-- PROVIDED RECORDS follows --

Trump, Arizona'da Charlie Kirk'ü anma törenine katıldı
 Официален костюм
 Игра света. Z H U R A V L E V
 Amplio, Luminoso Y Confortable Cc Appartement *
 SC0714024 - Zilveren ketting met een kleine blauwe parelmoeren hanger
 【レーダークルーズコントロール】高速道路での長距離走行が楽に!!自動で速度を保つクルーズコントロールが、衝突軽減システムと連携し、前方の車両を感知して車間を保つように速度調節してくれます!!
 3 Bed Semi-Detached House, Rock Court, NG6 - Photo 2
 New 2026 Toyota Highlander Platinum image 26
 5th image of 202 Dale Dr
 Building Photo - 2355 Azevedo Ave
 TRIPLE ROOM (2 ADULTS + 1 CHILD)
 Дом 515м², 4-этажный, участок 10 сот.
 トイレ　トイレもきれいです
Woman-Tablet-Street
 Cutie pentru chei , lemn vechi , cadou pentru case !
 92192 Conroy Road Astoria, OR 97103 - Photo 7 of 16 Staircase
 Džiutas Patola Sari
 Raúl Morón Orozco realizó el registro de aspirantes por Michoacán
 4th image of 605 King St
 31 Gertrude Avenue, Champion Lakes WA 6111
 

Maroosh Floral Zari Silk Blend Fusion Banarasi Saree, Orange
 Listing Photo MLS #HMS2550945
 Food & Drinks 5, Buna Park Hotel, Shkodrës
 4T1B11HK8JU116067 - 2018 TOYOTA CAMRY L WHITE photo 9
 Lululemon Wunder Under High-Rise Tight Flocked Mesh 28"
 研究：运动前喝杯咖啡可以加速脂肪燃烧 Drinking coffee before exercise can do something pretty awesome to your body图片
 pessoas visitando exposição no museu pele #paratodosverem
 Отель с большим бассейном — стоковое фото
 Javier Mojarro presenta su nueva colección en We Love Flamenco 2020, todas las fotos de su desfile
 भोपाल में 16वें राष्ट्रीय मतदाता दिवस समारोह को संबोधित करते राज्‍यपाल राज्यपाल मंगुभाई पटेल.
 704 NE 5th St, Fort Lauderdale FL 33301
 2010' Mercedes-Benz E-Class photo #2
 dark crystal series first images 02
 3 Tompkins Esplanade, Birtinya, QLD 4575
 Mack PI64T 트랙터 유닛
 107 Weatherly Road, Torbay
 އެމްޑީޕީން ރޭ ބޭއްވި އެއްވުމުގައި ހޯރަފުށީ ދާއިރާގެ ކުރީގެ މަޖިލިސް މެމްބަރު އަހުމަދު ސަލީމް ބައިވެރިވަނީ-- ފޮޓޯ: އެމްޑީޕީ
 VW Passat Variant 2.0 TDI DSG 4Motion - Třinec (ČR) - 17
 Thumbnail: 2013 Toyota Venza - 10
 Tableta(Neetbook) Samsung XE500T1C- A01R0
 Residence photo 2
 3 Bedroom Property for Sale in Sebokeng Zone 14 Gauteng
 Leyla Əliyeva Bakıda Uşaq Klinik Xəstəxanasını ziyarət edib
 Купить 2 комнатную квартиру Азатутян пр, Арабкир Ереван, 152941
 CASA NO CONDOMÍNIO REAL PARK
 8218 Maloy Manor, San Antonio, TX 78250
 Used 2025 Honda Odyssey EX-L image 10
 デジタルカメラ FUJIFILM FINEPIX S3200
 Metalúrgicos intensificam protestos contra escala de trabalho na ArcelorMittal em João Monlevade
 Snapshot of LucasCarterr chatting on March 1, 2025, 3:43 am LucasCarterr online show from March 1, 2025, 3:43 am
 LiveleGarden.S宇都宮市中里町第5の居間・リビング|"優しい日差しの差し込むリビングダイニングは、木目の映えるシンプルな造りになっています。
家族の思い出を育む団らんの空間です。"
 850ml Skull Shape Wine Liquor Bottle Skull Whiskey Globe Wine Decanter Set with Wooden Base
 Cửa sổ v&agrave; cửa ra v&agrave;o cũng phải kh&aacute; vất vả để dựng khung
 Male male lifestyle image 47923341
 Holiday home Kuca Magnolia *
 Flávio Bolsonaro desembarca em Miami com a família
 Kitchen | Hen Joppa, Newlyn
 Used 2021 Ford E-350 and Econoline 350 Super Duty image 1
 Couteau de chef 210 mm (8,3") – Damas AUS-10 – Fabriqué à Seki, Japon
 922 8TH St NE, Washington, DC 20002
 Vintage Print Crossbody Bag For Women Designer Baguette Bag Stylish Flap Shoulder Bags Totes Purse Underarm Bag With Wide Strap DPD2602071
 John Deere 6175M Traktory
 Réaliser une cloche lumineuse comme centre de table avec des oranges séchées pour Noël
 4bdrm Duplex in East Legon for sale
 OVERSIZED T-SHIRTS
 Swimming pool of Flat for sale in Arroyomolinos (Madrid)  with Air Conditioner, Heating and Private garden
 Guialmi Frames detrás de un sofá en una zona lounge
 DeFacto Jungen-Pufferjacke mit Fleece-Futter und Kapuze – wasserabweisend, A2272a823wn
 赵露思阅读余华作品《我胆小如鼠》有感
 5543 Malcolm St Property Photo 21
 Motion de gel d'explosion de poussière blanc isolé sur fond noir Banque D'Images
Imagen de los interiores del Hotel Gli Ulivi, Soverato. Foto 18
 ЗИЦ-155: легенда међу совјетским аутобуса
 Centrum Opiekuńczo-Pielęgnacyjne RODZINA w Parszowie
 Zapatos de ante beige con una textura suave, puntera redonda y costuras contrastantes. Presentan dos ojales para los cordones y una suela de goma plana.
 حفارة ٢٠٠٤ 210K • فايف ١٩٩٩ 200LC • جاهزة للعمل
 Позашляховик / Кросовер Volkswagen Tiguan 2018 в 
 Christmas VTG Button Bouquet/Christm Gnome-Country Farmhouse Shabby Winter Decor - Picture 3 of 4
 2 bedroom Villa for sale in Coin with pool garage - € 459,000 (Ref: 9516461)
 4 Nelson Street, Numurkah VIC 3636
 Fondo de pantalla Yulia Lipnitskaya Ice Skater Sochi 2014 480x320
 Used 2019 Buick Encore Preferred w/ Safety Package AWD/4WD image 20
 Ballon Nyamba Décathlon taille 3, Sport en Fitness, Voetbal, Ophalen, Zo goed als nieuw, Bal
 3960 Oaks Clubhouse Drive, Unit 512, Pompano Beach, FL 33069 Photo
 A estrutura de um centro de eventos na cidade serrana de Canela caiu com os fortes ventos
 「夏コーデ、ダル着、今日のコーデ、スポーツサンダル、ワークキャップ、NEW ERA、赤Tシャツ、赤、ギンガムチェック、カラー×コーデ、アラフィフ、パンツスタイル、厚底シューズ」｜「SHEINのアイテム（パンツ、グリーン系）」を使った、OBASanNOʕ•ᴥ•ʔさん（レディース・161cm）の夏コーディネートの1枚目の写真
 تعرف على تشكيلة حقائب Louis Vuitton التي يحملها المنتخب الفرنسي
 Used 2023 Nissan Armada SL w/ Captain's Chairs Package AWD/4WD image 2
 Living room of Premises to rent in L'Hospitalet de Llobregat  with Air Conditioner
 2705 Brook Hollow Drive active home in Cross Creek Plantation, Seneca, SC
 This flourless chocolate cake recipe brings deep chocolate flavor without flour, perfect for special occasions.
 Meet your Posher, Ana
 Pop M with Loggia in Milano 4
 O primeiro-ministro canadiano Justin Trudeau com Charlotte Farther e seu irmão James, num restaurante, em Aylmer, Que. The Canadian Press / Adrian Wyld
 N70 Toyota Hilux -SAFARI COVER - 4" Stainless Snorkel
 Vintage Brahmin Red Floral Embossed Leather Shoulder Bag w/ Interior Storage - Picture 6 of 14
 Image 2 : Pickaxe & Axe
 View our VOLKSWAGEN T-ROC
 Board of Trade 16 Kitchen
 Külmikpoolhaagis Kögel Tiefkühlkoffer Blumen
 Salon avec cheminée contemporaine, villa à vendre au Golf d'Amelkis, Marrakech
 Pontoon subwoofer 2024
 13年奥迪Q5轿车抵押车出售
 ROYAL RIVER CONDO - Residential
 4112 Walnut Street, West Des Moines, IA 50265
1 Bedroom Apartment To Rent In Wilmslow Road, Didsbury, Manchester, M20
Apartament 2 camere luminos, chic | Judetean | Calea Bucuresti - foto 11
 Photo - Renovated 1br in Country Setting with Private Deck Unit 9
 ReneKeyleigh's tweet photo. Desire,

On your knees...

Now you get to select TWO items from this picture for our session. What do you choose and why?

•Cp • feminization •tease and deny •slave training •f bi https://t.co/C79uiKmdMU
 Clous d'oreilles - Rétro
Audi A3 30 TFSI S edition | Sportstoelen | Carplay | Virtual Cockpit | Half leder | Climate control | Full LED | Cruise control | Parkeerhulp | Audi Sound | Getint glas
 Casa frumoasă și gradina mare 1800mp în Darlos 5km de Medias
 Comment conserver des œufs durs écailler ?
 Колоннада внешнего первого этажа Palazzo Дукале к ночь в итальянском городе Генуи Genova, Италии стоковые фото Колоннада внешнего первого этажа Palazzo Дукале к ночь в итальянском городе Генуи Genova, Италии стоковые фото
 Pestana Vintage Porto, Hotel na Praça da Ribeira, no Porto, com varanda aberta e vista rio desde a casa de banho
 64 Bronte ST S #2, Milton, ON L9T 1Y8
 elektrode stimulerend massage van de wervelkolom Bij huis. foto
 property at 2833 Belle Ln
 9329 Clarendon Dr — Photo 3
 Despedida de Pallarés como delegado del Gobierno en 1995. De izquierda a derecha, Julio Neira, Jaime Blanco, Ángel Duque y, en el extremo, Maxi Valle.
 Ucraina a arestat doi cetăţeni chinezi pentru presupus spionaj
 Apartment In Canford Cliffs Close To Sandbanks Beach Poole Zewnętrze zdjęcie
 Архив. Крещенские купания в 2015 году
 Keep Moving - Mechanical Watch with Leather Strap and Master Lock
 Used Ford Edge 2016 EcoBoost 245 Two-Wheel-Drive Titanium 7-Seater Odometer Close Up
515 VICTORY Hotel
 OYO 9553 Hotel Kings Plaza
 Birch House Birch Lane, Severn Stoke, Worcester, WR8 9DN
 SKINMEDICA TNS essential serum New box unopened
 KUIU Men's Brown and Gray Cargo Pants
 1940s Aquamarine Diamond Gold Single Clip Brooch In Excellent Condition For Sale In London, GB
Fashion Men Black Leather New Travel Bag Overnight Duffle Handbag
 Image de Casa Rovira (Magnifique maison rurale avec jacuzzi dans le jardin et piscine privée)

-- PROVIDED RECORDS concluded --

» **YOUR INSTRUCTIONS**
Copy the lines of the data above exactly as written, beginning with the line containing "Used 2023 Nissan" and ending with the line containing "Meet your Posher, Ana", and leave out all other lines.

» **RESPONSE**
 Used 2023 Nissan Armada SL w/ Captain's Chairs Package AWD/4WD image 2
 Living room of Premises to rent in L'Hospitalet de Llobregat  with Air Conditioner
 2705 Brook Hollow Drive active home in Cross Creek Plantation, Seneca, SC
 This flourless chocolate cake recipe brings deep chocolate flavor without flour, perfect for special occasions.
 Meet your Posher, Ana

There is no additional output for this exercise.